## MATERIAL SUPPLIED
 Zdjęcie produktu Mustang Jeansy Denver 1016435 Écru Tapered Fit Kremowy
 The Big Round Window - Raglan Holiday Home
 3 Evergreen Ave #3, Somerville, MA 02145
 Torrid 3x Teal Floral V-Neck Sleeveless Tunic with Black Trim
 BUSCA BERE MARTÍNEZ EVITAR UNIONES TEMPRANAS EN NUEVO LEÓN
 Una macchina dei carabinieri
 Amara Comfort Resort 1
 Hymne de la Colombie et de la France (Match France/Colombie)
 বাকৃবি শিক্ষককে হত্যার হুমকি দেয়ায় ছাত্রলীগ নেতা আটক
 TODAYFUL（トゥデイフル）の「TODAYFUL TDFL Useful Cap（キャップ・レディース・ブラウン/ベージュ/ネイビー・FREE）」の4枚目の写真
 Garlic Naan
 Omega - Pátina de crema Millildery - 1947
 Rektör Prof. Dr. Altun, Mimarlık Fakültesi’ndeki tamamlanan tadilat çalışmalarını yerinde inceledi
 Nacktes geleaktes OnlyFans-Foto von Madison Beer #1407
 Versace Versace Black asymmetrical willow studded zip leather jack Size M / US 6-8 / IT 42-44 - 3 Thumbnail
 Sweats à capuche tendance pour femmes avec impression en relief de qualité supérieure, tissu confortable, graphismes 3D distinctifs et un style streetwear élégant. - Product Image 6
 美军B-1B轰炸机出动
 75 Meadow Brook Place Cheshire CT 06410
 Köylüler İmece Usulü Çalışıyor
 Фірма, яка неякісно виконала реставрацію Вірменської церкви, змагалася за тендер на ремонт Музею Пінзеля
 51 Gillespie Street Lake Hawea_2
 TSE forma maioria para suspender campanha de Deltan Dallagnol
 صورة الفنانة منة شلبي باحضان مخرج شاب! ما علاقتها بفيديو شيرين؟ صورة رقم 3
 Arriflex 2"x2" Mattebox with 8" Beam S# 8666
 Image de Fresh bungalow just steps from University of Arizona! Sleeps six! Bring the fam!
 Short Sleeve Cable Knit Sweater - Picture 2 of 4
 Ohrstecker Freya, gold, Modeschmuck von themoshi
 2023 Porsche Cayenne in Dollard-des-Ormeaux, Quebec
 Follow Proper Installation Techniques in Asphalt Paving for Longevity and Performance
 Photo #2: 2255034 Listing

## PROBLEM DETAILS
What do the lines of the material read, from the first through the line with "Ohrstecker Freya, gold, Modeschmuck"? Transcribe them exactly and stop there.

## ANSWER TO THIS EXERCISE
 Zdjęcie produktu Mustang Jeansy Denver 1016435 Écru Tapered Fit Kremowy
 The Big Round Window - Raglan Holiday Home
 3 Evergreen Ave #3, Somerville, MA 02145
 Torrid 3x Teal Floral V-Neck Sleeveless Tunic with Black Trim
 BUSCA BERE MARTÍNEZ EVITAR UNIONES TEMPRANAS EN NUEVO LEÓN
 Una macchina dei carabinieri
 Amara Comfort Resort 1
 Hymne de la Colombie et de la France (Match France/Colombie)
 বাকৃবি শিক্ষককে হত্যার হুমকি দেয়ায় ছাত্রলীগ নেতা আটক
 TODAYFUL（トゥデイフル）の「TODAYFUL TDFL Useful Cap（キャップ・レディース・ブラウン/ベージュ/ネイビー・FREE）」の4枚目の写真
 Garlic Naan
 Omega - Pátina de crema Millildery - 1947
 Rektör Prof. Dr. Altun, Mimarlık Fakültesi’ndeki tamamlanan tadilat çalışmalarını yerinde inceledi
 Nacktes geleaktes OnlyFans-Foto von Madison Beer #1407
 Versace Versace Black asymmetrical willow studded zip leather jack Size M / US 6-8 / IT 42-44 - 3 Thumbnail
 Sweats à capuche tendance pour femmes avec impression en relief de qualité supérieure, tissu confortable, graphismes 3D distinctifs et un style streetwear élégant. - Product Image 6
 美军B-1B轰炸机出动
 75 Meadow Brook Place Cheshire CT 06410
 Köylüler İmece Usulü Çalışıyor
 Фірма, яка неякісно виконала реставрацію Вірменської церкви, змагалася за тендер на ремонт Музею Пінзеля
 51 Gillespie Street Lake Hawea_2
 TSE forma maioria para suspender campanha de Deltan Dallagnol
 صورة الفنانة منة شلبي باحضان مخرج شاب! ما علاقتها بفيديو شيرين؟ صورة رقم 3
 Arriflex 2"x2" Mattebox with 8" Beam S# 8666
 Image de Fresh bungalow just steps from University of Arizona! Sleeps six! Bring the fam!
 Short Sleeve Cable Knit Sweater - Picture 2 of 4
 Ohrstecker Freya, gold, Modeschmuck von themoshi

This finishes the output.